Was alle Entwürfe eint ist, dass die Parteien Bürgerinnen und Bürger sowie Firmen entlasten wollen: Sei es durch einen höher greifenden Spitzensteuersatz, eine Absenkung der Unternehmensbesteuerung oder eine reduzierte Mehrwertsteuer.
Das Institut der deutschen Wirtschaft (IW) hatte zunächst für Union und SPD und am Dienstagmittag auch für Grüne und FDP Schätzungen veröffentlicht, wie stark die Entlastungen insgesamt und in den unterschiedlichen Bereichen ausfallen. Dabei wird deutlich: Die Pläne der FDP schlagen mit 138 Milliarden Euro am stärksten zu Buche. CDU/CSU wollen Haushalte und Unternehmen mit 89 Milliarden am zweitstärksten entlasten. Danach folgen die Grünen mit 48 Milliarden und die SPD mit 30 Milliarden.
Massive Senkung der Einkommensteuer
Am stärksten wollen die Parteien Bürgerinnen und Bürger bei der Einkommensteuer entgegenkommen. Die FPD will den Einkommensteuertarif schrittweise abflachen. Der Spitzensteuersatz soll erst ab einer Höhe von 96.000 Euro greifen, nicht schon bei 68.000 Euro wie heute. Dazu soll der Grundfreibetrag um mindestens 1000 Euro steigen. Der Soli soll endgültig für alle wegfallen. Unter dem Strich schätzt das IW die Kosten dieser Pläne auf 95 Milliarden Euro.

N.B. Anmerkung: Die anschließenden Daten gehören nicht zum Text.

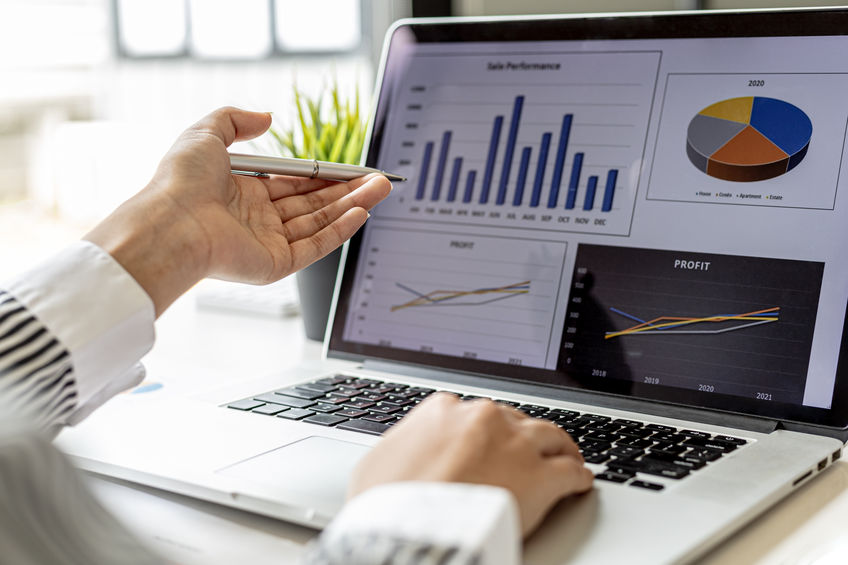 office worker with laptop pointing at screen with graphs on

Auch die Union will das System bei der Einkommensteuer „schrittweise spürbar abflachen“, künftig regelmäßig an die Inflation anpassen und die Einkommensgrenze für den Spitzensteuersatz erhöhen. Insgesamt fallen die geplanten Entlastungen aber mit 41 Milliarden weniger als halb so üppig aus wie bei der FDP. Grüne und SPD ziehen ebenfalls mit Forderungen nach einer Entlastung von Steuerzahlern in den Wahlkampf. Sie legen ihren Fokus allerdings vor allem auf Menschen mit niedrigem bis mittlerem Einkommen. Mit elf Milliarden (Grüne) und acht Milliarden (SPD) sind die Entlastungen daher auch deutlich geringer als bei Union und FDP.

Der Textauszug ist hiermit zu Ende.